Oldest sister Lenny has spent most of her adult life caring for grandfather Magrath in the belief that she will always be a spinster. Because what man would want a woman who’s unable to have children because of a shrunken ovary?
Add to the mix Cousin Chick Boyle whose life’s ambition is to be admitted to the Hazlehurst Ladies’ League if she can finally overcome Babe’s mother’s double suicide and also sweep Babe’s current murder charge under the carpet.
Then there is the bittersweet history between Meg and lifelong Hazlehurst resident “Doc” Porter, whose early dream of becoming a physician was cut short by the actions of Meg and Hurricane Camille.
Asked why she chose to direct “Crimes of the Heart”, Director Bethany Reynolds said it was because the Magrath sisters’ personalities remind Reynolds of her own mother and aunt. For Reynolds, the key message of the play resolves around love. Whatever their conflicts with each other, when it comes right down to it the Magrath sisters truly love each other.
Actor Krystie McWells is having a fabulous time portraying Meg, because “Meg says what she thinks and takes what she wants and doesn’t just wait for things to happen!” Meg may not always act like she likes her oddball family, but she definitely loves them
Mary-Catherine Paden as Cousin Chick Boyle, describes Chick as a bit of a bully and a committed social climber. Unfortunately, the rest of the Magrath family has been nothing but an obstacle to Chick’s unrelenting efforts to be admitted to the Hazlehurst Ladies League.
Amber Munoz describes Babe as the sister who both loves and admires her oldest sister Lenny, but is much closer to Meg because Babe can confide in Meg. But for reasons of her own, Babe never fully explains why she shot her husband or discloses the darker secrets of their marriage.
Suzanne Wilson sees her character Lenny Magrath as a surrogate mother to Babe, but Lenny deeply resents all the attention and praise Meg received during their growing-up years together.
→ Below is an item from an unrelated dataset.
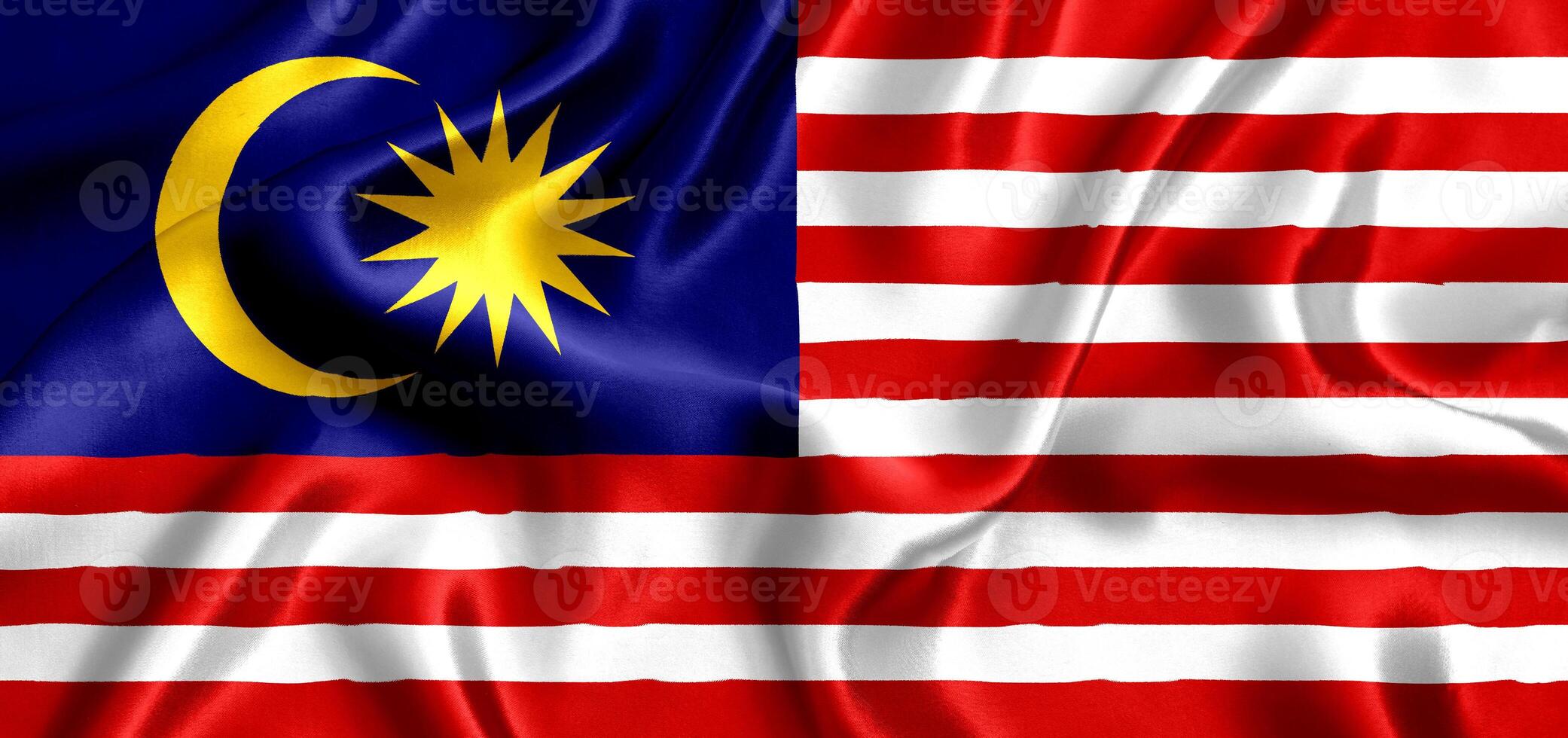 flagga av malaysia silke närbild foto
Meg was the one who ran around and drank and left home while Lenny was the reliable steadfast daughter who cared for her sisters and her aging grandfather. But it was alwyas Meg who “ received all the attention”.
Dorian Alexander’s character Barnette Lloyd is a “passionate new attorney” just starting up his law practice in Hazlehurst. Lloyd is also a very kind person and his only possible flaw is his hatred for Botrelle and his determination to avenge his father’s downfall at Botrelle’s hands by any possible means.
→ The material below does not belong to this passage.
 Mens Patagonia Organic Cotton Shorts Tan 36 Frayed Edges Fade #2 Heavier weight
Steven Walker respects his character Doc Porter for being a thoughtful and reserved individual and a loyal friend to Lenny. But although married, Doc still carries a torch for Meg and is clearly tempted to rekindle their former relationship when Meg comes back to Hazlehurst. According to Walker”That is Doc’s one flaw”.
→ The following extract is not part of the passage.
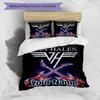3pcs Custom Name Van Halen Tribute Printed Bedding Set Duvet Cover Closure Includes 1 Duvet Cover & 2 Pillowcases, Soft and Comfortable for All Season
Director Reynolds promises to give the audience plenty of laughter and a few tears as they share the emotional ups, downs, twists and turns of the Magrath family in “Crimes of the Heart”.
What: Kings Players presents “Crimes of the Heart”
When: March 3-4, 10-12, 17-19 and 24-26. Friday and Saturday performances start at 7:30 p.m., Sundays performances start at 2 p.m.
Where: The Temple Theater, 514 E. Visalia St. in Hanford.